MLB Rumors: These six teams pursued Martin Perez before Red Sox landed him

Martin Perez is no Gerrit Cole or Stephen Strasburg. But the veteran left-hander reportedly drew a good amount of interest in free agency before the Boston Red Sox scooped him up.

A "handful" of MLB teams, including the American League East foe Tampa Bay Rays and Toronto Blue Jays, pursued Perez before the Red Sox agreed to terms with him Thursday night, MassLive's Chris Cotillo reported.

Perez's surface-level stats aren't very inspiring: The 28-year-old posted a 5.12 ERA with the Minnesota Twins last season after the worst campaign of his career with the Texas Rangers in 2018 (6.22 ERA, 1.78 WHIP).

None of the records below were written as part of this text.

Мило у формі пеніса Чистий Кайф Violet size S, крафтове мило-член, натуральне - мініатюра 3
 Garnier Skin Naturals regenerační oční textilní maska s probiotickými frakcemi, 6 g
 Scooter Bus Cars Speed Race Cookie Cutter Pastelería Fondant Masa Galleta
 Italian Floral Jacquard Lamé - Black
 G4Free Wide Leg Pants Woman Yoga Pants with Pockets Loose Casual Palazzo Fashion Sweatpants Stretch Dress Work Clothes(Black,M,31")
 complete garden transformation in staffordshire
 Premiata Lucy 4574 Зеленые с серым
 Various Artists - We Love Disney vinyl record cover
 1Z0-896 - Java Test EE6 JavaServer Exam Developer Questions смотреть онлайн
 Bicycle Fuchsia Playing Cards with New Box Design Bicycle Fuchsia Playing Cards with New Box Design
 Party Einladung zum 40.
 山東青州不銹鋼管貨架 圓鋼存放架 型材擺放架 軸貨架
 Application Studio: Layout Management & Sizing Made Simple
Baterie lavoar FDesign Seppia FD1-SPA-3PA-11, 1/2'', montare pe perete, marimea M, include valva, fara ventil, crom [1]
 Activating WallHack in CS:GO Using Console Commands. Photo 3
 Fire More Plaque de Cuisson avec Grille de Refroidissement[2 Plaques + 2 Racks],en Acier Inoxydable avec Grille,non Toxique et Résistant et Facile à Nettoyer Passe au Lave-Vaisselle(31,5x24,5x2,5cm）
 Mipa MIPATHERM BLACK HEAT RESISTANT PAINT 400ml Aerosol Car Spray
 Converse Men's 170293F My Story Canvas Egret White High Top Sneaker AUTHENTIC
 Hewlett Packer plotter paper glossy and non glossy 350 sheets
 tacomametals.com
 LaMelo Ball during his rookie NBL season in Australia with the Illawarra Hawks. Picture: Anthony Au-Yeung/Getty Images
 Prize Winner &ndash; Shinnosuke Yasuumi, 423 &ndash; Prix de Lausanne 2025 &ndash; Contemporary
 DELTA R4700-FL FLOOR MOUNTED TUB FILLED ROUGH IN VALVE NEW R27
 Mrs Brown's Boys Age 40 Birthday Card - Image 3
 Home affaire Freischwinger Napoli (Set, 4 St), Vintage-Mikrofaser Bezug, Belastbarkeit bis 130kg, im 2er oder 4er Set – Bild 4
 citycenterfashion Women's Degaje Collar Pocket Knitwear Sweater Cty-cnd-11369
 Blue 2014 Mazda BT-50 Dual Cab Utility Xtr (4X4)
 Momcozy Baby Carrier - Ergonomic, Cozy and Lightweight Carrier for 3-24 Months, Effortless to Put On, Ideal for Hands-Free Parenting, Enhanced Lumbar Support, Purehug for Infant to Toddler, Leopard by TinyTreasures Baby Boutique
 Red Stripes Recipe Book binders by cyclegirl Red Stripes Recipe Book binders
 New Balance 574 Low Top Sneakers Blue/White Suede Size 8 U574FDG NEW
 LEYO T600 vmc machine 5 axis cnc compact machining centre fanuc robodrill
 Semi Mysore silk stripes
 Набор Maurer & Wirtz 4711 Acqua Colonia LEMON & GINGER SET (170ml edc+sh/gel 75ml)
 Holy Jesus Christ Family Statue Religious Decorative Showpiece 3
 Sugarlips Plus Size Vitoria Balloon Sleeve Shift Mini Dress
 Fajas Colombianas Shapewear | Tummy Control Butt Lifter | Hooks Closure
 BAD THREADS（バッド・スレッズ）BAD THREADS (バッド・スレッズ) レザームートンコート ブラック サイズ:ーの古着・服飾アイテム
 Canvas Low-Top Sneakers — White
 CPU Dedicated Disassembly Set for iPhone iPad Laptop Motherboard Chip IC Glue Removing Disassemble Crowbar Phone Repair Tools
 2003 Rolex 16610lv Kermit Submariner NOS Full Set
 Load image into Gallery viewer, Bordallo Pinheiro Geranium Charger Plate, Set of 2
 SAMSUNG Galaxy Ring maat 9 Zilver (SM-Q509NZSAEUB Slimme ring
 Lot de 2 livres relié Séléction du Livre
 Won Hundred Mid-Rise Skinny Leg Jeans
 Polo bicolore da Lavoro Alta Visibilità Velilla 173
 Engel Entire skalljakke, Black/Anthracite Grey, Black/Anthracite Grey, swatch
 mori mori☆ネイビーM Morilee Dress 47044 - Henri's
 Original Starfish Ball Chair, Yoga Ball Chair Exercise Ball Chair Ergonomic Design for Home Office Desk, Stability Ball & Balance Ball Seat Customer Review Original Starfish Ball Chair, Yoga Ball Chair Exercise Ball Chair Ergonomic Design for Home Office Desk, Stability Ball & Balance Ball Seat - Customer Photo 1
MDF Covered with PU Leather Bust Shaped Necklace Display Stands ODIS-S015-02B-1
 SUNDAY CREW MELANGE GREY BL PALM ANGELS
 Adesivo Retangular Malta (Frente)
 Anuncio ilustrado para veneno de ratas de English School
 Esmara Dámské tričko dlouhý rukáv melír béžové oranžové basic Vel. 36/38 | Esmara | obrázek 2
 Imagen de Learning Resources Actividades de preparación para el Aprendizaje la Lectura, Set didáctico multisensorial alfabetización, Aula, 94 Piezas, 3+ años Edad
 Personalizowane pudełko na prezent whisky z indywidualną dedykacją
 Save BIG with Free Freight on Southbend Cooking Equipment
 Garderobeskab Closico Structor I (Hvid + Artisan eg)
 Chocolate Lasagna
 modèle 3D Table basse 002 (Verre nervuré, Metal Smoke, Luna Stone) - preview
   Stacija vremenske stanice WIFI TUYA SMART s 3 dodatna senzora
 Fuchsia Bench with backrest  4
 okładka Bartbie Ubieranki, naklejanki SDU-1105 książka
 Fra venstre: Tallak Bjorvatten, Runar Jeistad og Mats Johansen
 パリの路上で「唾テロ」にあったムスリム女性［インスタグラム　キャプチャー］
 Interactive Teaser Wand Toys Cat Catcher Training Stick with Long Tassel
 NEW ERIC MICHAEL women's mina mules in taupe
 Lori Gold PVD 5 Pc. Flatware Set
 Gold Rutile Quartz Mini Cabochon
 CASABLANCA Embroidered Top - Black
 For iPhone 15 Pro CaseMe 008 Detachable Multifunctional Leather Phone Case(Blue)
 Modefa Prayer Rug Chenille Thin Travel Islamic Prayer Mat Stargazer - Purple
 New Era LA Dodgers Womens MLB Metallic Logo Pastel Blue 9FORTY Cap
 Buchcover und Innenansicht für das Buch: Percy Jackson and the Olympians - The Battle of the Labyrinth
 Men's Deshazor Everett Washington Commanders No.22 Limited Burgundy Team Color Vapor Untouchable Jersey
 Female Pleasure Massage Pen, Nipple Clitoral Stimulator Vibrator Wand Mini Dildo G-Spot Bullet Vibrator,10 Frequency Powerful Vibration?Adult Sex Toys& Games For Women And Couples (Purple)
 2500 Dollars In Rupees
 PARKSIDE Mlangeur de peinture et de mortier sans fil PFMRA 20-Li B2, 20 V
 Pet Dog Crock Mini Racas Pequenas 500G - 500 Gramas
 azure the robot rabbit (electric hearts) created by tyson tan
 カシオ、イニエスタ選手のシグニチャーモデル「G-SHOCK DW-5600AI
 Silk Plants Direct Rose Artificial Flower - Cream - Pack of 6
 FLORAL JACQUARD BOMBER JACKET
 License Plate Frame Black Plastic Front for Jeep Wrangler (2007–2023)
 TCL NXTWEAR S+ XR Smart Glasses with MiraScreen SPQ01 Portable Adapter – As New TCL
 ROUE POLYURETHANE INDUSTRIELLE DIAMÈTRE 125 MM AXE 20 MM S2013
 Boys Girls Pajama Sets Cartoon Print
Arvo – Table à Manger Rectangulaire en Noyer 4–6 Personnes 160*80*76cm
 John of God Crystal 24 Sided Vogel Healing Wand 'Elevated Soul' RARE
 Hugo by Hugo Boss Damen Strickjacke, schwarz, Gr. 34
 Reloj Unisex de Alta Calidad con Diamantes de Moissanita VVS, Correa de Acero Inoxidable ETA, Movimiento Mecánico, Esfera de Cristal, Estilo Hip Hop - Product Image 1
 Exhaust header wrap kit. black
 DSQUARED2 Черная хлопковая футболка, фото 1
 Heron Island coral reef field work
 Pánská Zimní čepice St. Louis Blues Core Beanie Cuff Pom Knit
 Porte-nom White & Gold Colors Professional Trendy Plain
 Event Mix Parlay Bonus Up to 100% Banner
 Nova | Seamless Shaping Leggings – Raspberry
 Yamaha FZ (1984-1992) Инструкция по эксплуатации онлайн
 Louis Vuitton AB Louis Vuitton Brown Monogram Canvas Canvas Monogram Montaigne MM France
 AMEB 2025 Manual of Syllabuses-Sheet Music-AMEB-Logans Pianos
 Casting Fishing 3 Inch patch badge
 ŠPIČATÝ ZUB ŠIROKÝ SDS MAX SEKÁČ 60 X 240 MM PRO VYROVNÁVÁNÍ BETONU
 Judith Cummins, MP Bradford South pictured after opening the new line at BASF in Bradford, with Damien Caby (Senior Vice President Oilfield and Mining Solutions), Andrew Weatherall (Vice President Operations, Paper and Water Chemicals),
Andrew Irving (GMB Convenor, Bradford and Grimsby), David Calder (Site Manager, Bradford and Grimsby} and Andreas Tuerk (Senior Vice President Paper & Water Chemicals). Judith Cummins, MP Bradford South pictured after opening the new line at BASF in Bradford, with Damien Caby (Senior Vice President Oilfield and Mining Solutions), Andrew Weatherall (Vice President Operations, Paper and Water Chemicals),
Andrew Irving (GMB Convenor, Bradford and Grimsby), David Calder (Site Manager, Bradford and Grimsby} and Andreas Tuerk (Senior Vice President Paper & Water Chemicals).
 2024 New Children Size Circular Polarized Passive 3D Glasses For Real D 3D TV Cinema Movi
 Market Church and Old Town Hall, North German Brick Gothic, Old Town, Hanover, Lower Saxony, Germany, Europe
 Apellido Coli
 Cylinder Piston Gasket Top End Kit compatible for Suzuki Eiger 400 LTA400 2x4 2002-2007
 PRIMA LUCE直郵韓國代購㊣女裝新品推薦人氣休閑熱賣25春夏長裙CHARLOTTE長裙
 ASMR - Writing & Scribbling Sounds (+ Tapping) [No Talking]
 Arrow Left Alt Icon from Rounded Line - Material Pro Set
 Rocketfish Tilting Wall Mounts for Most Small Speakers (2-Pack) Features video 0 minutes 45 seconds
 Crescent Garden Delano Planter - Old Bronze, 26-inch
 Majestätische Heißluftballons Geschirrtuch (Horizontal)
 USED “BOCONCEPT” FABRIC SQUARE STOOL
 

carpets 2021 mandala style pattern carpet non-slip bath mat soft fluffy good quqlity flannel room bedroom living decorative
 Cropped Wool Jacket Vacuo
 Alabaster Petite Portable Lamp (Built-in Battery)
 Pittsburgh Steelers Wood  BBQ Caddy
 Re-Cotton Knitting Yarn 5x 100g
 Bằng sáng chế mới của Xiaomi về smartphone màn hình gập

But what Perez does provide is durability: He's appeared in at least 32 games in three of the last four seasons, topping 165 innings in each of those campaigns.

Durable left-handers aren't a dime a dozen in MLB, which explains why Perez drew interest from several clubs looking to fill out their rotations entering 2020.

The Venezuela native should be a rotation-filler in Boston, projecting as Boston's fifth starter behind Chris Sale, David Price, Eduardo Rodriguez and Nathan Eovaldi with Rick Porcello leaving to join the New York Mets in free agency.